“TRY AGAIN. FAIL AGAIN. FAIL BETTER.” Aeschylea Festival 2013. Eleusis, Greece.
A project by Nikos Navridis at the former oil and soap factory organized by the city of Eleusis with the support of OUTSET.
The artistic project conceived by Nikos Navridis for Eleusis relates both to the specific site in which it is presented and to the current context of spiritual, social and economic crisis.
While most of the artists invited on previous occasions displayed their works in the huge interior spaces of the factory, Nikos Navridis has accommodated them in exterior spaces, thus expanding the architectural and symbolic boundaries of both factory and city. He has used the whole courtyard of the factory to transform the dryness of the cement into a waving field of wheat and the long wall next to the entrance in the front space as well as the former circular tank to install sentences by Irish playwright Samuel Beckett. His choices regarding space, material, language and metaphor have enabled him to combine his own aesthetic, existential and political cosmography with the symbolism and dense history of Eleusis.
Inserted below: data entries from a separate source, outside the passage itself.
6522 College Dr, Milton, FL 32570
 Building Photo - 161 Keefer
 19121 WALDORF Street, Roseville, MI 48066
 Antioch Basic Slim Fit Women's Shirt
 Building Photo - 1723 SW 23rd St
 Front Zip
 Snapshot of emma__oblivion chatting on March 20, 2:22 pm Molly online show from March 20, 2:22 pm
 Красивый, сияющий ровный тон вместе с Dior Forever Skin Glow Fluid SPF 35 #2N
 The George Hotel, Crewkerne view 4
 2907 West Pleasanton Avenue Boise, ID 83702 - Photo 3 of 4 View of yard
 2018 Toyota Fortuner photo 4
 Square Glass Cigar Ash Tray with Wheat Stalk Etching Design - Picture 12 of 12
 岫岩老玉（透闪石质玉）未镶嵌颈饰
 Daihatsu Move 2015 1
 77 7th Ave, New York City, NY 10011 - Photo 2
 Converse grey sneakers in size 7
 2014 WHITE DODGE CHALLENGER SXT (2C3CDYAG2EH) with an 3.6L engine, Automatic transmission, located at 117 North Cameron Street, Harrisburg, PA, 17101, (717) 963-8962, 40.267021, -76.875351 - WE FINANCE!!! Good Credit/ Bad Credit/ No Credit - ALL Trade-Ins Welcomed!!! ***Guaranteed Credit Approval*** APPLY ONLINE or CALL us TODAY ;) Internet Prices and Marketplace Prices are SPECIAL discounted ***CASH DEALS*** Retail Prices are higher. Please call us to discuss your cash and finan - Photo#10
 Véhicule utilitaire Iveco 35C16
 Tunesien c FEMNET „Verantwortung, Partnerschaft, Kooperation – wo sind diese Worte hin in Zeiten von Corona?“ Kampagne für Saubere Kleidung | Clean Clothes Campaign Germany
Since classical antiquity the name Eleusis has been bound to the mystical cults of Demeter, Persephone and Hecate, a triad of goddesses that symbolises fertility of woman and earth. In Western culture Eleusis has remained associated with the awareness of the civilising process, the cyclic rebirth of agricultural crops and of human life itself. The echoes of this path of wisdom and transformation coexist in Eleusis with the story of multiple cases of destruction. Today, the most significant ones are those associated with industrialisation and the tertiary of service sector (a petrol refinery, the actual oil and soap factory, tourism, cultural consumption, etc.) and their consequent stages of development, decline and losses, often related to the flagrant unemployment rate in the region.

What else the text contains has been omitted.